=== Assignment ===
Needed from the data below: all lines that contain the word "showing".

------------------------------------------------

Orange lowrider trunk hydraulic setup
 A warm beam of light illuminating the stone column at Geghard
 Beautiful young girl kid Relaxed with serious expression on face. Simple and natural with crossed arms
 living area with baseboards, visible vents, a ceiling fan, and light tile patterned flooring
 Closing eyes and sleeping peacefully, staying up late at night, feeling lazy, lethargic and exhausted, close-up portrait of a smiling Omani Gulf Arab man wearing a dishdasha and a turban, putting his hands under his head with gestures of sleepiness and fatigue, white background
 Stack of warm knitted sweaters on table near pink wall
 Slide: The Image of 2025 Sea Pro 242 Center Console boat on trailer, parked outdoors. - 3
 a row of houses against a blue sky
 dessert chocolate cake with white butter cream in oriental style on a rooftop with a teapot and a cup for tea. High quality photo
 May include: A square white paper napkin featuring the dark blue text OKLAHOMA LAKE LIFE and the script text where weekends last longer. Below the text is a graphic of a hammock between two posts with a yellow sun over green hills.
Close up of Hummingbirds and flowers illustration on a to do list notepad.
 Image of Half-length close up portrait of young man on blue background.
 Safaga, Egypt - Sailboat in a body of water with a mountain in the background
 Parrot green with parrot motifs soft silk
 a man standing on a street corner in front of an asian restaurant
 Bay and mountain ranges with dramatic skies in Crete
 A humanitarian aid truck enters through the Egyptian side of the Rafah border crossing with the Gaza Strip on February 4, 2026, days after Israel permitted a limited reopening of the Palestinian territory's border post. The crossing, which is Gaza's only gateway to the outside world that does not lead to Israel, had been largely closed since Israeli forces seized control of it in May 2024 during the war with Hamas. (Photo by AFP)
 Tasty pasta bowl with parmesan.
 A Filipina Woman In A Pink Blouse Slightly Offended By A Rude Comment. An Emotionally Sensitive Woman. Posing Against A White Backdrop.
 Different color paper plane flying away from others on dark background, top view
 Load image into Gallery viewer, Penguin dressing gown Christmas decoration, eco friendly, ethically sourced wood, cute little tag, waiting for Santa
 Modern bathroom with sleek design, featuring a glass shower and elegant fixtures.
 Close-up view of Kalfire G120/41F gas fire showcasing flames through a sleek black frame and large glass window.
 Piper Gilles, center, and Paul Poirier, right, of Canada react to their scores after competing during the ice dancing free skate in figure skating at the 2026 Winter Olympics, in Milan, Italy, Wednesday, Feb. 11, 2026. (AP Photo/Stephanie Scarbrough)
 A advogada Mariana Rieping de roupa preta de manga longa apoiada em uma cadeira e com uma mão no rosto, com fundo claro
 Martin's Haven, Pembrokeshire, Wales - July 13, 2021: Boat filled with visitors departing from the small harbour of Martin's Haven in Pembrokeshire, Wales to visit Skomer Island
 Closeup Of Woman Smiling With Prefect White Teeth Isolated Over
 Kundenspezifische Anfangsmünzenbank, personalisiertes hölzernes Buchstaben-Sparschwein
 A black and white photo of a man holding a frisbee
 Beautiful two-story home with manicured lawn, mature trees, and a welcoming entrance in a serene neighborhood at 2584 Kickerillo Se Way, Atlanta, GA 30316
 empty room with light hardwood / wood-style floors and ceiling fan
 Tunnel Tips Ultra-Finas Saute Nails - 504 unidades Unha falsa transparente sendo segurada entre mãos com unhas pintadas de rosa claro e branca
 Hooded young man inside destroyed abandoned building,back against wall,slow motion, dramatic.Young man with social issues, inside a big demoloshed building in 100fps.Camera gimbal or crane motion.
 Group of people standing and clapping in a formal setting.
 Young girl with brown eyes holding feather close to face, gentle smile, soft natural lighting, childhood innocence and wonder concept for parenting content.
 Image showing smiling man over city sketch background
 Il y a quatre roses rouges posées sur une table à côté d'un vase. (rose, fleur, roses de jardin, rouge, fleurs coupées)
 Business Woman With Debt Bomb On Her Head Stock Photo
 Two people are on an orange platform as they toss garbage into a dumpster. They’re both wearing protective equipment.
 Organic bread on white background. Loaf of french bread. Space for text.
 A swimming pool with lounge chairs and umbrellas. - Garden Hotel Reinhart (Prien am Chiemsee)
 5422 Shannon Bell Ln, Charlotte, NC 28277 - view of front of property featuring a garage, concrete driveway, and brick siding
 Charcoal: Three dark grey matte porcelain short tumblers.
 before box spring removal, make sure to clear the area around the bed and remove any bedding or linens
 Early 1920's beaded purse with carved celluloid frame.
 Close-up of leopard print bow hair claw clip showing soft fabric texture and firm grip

------------------------------------------------

=== Exercise response ===
 Image showing smiling man over city sketch background
 Close-up of leopard print bow hair claw clip showing soft fabric texture and firm grip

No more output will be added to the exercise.